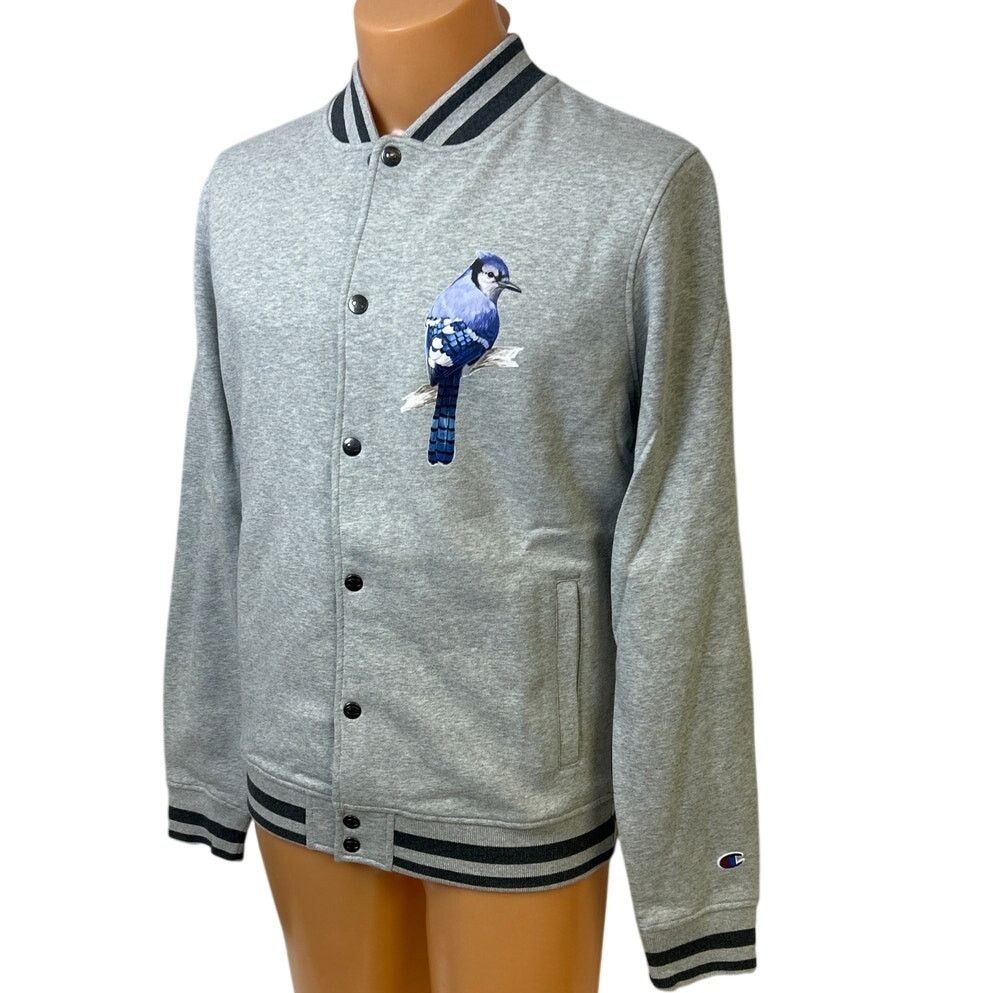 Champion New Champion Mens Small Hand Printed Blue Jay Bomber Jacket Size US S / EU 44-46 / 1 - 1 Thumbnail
+===+
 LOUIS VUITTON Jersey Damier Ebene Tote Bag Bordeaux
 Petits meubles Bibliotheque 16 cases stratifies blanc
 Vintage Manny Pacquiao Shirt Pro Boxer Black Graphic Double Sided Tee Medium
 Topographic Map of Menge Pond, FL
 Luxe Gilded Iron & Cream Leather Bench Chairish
+===+
**ACTION ITEM:** From the records above, print only the lines between the one holding "Topographic Map of Menge Pond, FL" and the one holding "Luxe Gilded Iron", inclusive, exactly as they stand.

**TASK RESULT:**
 Topographic Map of Menge Pond, FL
 Luxe Gilded Iron & Cream Leather Bench Chairish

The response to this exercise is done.